Source material
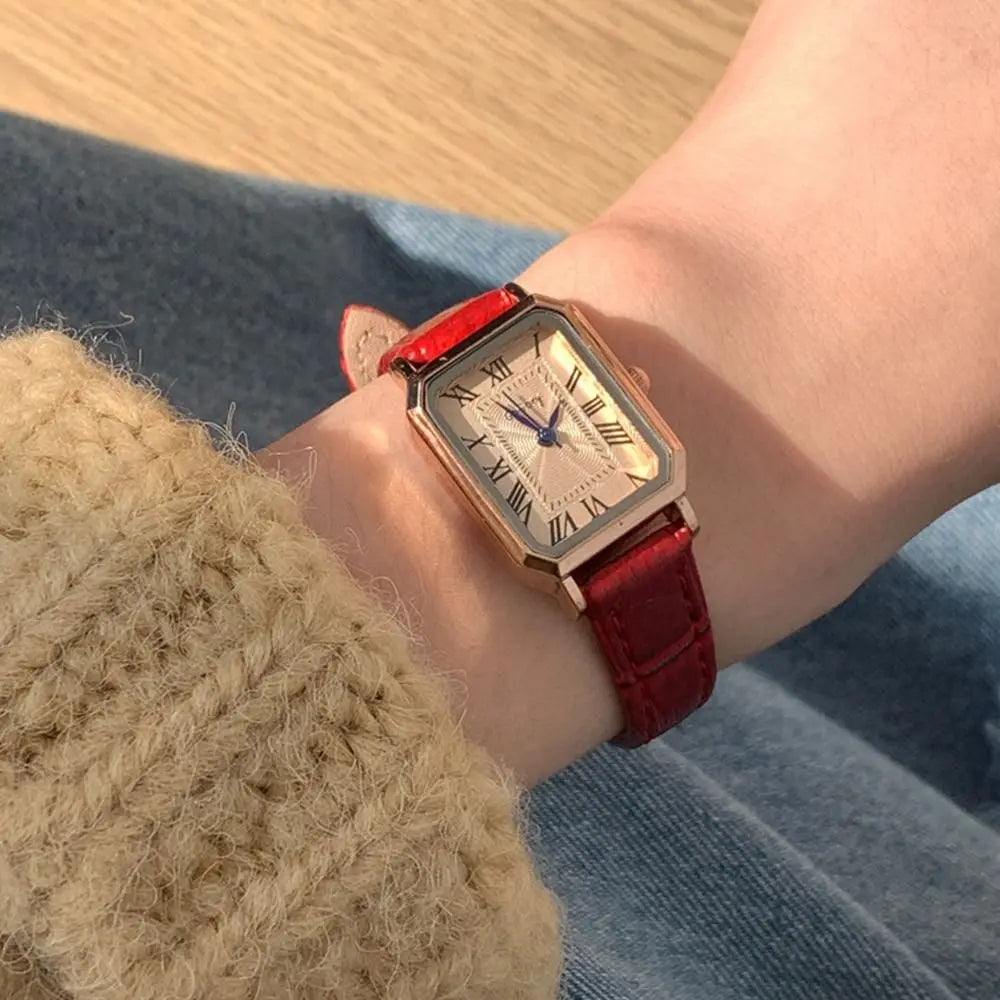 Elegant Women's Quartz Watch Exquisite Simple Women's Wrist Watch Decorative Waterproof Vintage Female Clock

--

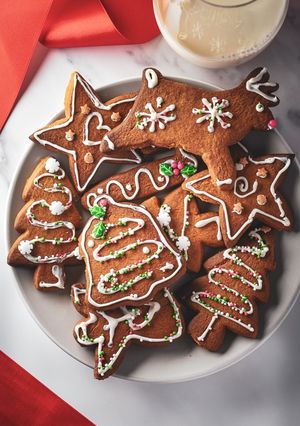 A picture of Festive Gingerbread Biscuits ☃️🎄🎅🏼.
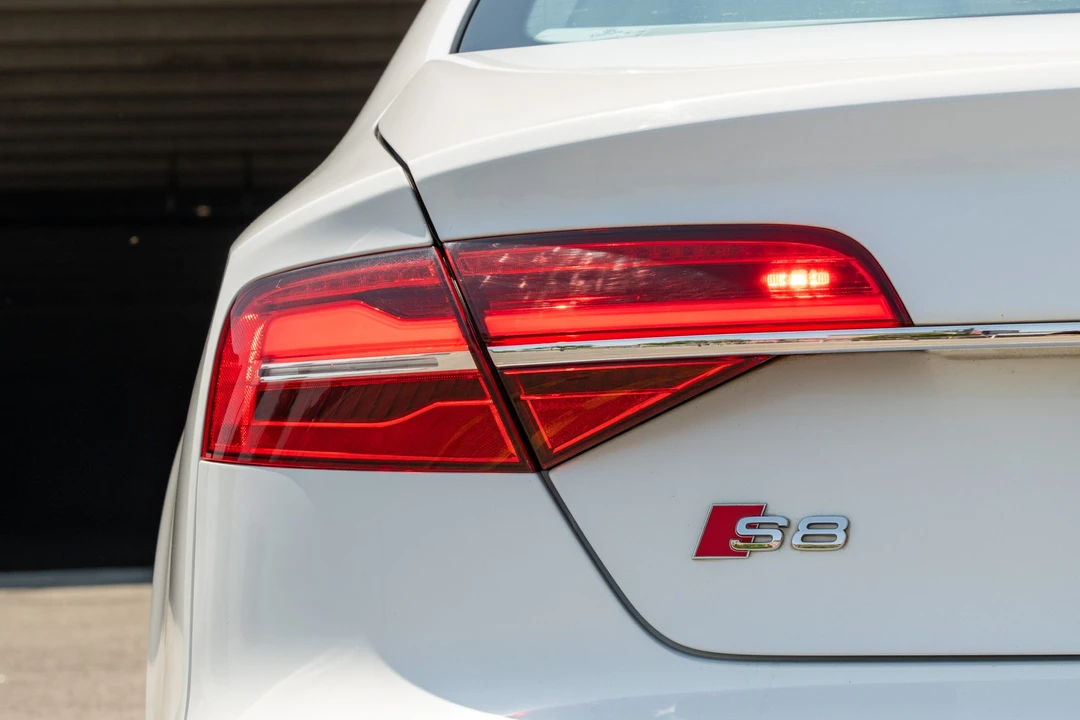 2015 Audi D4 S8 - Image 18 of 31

Exercise prompt
Look above and copy only the lines from the one holding "A picture of" to the one holding "2015 Audi D4 S8 - Image 18 of 31", both included, exactly, minus the pictures.

Exercise answer
 A picture of Festive Gingerbread Biscuits ☃️🎄🎅🏼.
 2015 Audi D4 S8 - Image 18 of 31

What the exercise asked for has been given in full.